Ne Sağlık Bakanı Hakan Dinçyürek’te ne de Eğitim Bakanı Nazım Çavuşoğlu’nda siyasi sorumluluk bilinci vardır. Yönetememenin sonuçlarını üstlenmek yerine sessizliğe sığınmayı tercih etmektedirler. Çocuklar ölürken koltuklarını korumayı önceleyen bu anlayışı kabul etmiyoruz.

Göçmenlere yönelik sistematik dışlama, Kıbrıs’ın kuzeyinde yıllardır süregelen yapısal bir sorundur. Eğitimde, sağlıkta ve sosyal hizmetlerdeki eşitsizlikler, bu toplulukları sürekli olarak ikinci sınıf yurttaş konumuna itmektedir. Bu çocuk, devletin görmezden geldiği yüzlerce çocuktan sadece biridir.

Birleşmiş Milletler Çocuk Hakları Sözleşmesi’nin tarafı olan ülkemiz, “çocuğun üstün yararı” ilkesini açık biçimde ihlal etmiştir. Ne eğitim sistemi ne sağlık sistemi bu çocuğu koruyabilmiştir. Bu nedenle bu ölüm, yalnızca bireysel değil, kurumsal bir çocuk ihmali vakasıdır.

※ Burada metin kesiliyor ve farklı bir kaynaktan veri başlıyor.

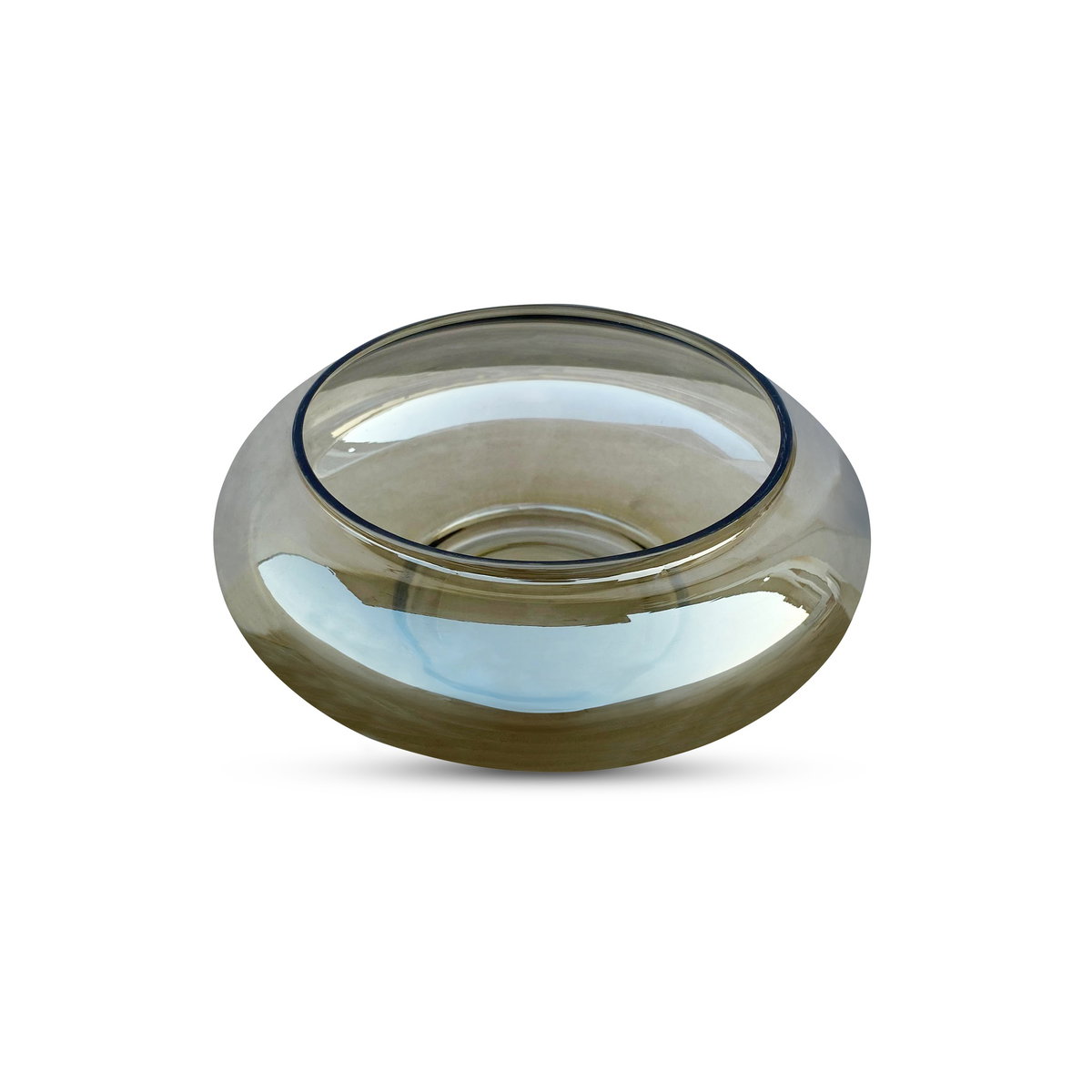 Polene Glass Bowl Small Smoky Brown, Decorative Bowl by Moe's Home, 8" width x 3.5" height x 8" depth View 2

Sağlık ve Eğitim Bakanlıkları hakkında derhal bağımsız bir inceleme komisyonu kurulmalıdır. Bu komisyon, yalnızca bu olayı değil, geçmişte yaşanan alkollü mama skandalı, eğitimde dışlama politikaları ve sağlıkta yaşanan diğer ihmal vakalarını da incelemelidir. Çünkü hesap verebilirlik, demokratik bir toplumun en temel koşuludur.

Bu topraklarda bir daha hiçbir çocuk, dili bilinmediği, yoksul olduğu ya da göçmen kimliği taşıdığı için yaşamını yitirmemelidir.